Overall, these examples demonstrate that while AI-related inventions often involve abstract ideas or mathematical concepts, they can be eligible when they:

1. Implement AI in specific hardware configurations.
2. Integrate AI analysis into practical applications that solve technological problems.
3. Combine AI-based diagnostics with specific treatment methods.

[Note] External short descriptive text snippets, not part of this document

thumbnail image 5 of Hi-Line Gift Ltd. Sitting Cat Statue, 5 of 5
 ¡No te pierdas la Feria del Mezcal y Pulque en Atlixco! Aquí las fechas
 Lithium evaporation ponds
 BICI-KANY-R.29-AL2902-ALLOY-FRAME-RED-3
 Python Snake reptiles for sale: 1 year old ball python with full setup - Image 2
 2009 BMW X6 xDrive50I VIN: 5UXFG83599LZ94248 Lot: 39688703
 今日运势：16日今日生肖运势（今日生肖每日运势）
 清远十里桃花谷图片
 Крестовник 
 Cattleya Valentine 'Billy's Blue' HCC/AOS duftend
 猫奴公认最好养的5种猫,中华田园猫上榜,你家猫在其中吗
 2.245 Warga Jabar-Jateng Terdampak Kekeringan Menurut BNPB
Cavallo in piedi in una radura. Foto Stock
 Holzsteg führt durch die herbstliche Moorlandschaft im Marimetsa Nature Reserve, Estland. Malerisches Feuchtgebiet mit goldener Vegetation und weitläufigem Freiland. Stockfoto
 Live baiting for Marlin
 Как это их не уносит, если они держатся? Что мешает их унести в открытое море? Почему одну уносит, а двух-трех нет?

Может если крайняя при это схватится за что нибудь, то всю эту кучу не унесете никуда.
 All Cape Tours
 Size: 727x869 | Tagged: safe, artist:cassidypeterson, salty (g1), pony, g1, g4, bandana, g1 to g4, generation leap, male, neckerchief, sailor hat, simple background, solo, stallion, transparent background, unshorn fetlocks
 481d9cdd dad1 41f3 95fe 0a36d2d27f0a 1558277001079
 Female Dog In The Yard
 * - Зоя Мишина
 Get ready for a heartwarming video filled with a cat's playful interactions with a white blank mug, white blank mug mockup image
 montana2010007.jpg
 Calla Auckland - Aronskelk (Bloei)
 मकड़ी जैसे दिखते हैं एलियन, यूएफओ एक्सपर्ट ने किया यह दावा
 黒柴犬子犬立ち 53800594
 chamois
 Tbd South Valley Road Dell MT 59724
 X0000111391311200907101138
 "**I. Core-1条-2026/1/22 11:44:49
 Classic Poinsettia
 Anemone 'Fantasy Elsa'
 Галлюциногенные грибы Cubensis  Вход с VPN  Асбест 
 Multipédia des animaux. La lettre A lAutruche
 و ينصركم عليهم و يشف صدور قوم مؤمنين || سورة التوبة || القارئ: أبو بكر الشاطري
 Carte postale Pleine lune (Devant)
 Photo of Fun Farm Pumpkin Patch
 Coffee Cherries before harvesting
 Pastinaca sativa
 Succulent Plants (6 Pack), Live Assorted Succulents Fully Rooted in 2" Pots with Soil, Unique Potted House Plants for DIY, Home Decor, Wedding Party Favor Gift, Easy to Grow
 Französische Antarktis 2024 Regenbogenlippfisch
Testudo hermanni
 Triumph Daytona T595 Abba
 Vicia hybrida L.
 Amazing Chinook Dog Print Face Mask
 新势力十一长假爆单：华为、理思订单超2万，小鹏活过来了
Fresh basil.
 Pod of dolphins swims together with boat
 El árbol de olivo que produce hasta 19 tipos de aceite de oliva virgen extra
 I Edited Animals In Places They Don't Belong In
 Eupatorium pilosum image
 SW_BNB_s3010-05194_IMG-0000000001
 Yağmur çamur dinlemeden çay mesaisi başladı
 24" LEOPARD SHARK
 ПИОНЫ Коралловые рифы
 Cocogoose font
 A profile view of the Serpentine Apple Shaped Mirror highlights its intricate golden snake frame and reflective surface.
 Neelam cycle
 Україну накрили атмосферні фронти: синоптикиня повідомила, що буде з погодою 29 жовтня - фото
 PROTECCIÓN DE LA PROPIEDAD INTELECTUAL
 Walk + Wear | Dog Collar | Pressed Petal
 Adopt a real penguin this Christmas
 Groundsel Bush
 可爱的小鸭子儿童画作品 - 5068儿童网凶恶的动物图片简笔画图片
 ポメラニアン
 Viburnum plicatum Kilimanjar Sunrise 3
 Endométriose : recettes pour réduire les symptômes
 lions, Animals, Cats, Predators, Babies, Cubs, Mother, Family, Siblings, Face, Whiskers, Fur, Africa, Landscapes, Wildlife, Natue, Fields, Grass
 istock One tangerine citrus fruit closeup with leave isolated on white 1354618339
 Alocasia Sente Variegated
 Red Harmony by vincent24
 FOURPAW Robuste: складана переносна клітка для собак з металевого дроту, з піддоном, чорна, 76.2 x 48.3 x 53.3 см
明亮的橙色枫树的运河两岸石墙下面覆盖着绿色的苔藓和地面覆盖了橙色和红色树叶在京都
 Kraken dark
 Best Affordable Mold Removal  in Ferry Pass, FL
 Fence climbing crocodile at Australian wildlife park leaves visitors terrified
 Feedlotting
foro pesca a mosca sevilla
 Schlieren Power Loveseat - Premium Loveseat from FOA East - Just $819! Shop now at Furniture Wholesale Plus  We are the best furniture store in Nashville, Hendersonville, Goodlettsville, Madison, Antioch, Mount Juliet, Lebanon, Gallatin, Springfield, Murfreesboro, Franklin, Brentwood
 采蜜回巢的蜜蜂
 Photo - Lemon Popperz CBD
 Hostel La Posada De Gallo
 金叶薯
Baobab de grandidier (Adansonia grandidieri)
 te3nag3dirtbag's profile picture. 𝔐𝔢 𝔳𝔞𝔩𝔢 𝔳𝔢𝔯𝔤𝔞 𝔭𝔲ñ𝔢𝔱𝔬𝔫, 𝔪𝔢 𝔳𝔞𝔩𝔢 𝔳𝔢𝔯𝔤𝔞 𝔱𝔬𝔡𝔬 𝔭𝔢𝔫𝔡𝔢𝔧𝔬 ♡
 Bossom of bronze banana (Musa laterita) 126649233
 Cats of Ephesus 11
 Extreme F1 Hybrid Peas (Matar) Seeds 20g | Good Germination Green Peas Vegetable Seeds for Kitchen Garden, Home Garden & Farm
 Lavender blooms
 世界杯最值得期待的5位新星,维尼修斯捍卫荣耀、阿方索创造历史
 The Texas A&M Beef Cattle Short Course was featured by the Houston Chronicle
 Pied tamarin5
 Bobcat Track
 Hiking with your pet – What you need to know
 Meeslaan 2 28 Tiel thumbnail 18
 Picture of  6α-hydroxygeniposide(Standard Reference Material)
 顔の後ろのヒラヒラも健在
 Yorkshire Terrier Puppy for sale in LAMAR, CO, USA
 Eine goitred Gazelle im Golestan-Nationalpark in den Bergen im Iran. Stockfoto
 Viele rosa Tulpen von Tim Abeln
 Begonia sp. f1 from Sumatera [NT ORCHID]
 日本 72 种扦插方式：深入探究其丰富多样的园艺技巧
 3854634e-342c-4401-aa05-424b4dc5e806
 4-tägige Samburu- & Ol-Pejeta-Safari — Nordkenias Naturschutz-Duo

The USPTO is clearly trying to provide guidance on how AI inventions can be patent-eligible, emphasizing the importance of practical applications and technological improvements beyond mere data processing or analysis.

Conclusion

The USPTO’s 2024 guidance update is helpful in providing clearer guidelines and concrete examples of how to craft patents directed to inventions involving the use of AI. The key to success lies in understanding the nuances of the guidance and strategically framing AI inventions to emphasize their practical applications and technological improvements. As AI continues to advance at a breakneck pace, those who can effectively navigate these patent eligibility guidelines will be best positioned to protect their innovations and maintain a competitive edge in the market.

Moving forward, it’s crucial for tech companies to work closely with patent attorneys who are well-versed in these new guidelines. By doing so, they can ensure that their AI innovations are not only groundbreaking but also patent-eligible.